In Ireland, unless a tenant can get their landlord to register, the rights set out in the charter are useless. Tenants' rights to a rent book, statement of the tenancy, fair rents, return of deposits, minimum standard of accommodation, rights to privacy, right to claim tenants income tax relief, all require that the landlord be registered. On average, only some 25% of landlords register, most likely those who take Social Welfare Allowance (SWA) tenants.

Councillors register landlords


Several Sinn Féin Councillors have gone to great lengths to try to get local landlords to register, but they have hardly met co-operation from local authorities, whose job it is to register and inspect privately rented accommodation in the area. It took Councillor Cionnaith O Súilleabháin three months to even gain access to the list of local properties registered in Clonakilty, County Cork. Then there were no landlords' names and only a bare 25% of the rented accommodation which he knew of in the town, Ireland's tidiest town, was registered.

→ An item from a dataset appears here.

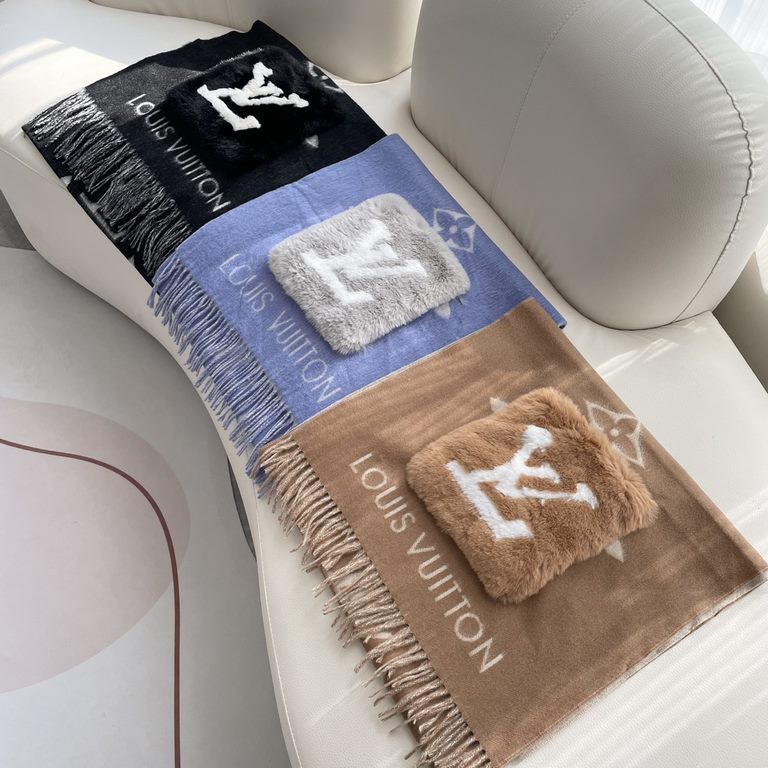 LV Pocket Cashmere Scarf   LV's new shawl scarf, a continuation of the winter classic   cashmere embellished with rabbit fur   pockets, inlaid with Monogram motifs for a more dignified look, with a long tassel in a large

Most tenants are afraid to report their landlord. Tenants can be evicted quite within the law, with no fault, with a month's notice. In all probability, eviction means homelessness. With kids, eviction means at best B&B accommodation, where tenants must tramp the streets between vacating the rooms in early morning and returning to appalling overcrowded, shared accommodation, without facilities, in the evening. School, friends, security and stable home life go by the board.

``What chance has a child brought up in such circumstances?'' asks Marie Keane, an advice worker with Christy Burke. ``I could tell you stories of appalling conditions in which people are living, no adequate heating, no access to showers or private toilets, no separate rooms for children of different sexes, damp running down the walls, electric meters rigged, no fire escapes.''

State aid to landlords


``Landlords get away with it, even in the case where, because their tenants are on social welfare allowances, they have had to register,'' says Dublin Sinn Féin Councillor Larry O'Toole. ``The tenant daren't complain for fear of eviction. The local authority, which has the responsibility to monitor the accommodation, turns a blind eye and claims a shortage of staff to carry out inspections. The health boards, which pay the rent subsidy, keep SWA tenants in this accommodation by refusing to pay subsidies on accommodation which is more expensive and in better condition, thereby subsidising landlords to let appalling accommodation at exorbitant rents.

``The state and local authorities are acting to facilitate landlords in evading the law, earning enormous undeclared untaxed incomes from renting unsuitable and unfit housing to people who are too afraid of victimisation to do anything about it. The local authorities have statutory responsibility to correct this, to register all landlords, to inspect properties. It is down to councillors to ensure that this is done,'' says O'Toole.

A spokesperson for the DoE gave his views on the possibility in this situation of imposing rent controls. ``It wouldn't work'', he said. ``Its like prohibition in the United States, the market must find its own level, regulated by supply and demand. There is a housing shortage. It has to work itself out.''

The argument is exactly comparable to that used during the Great Hunger, when the market, deprived by trade of available food, had to find its own level. The population fell from around 8.5 million to around 6 million, through death, starvation and emigration.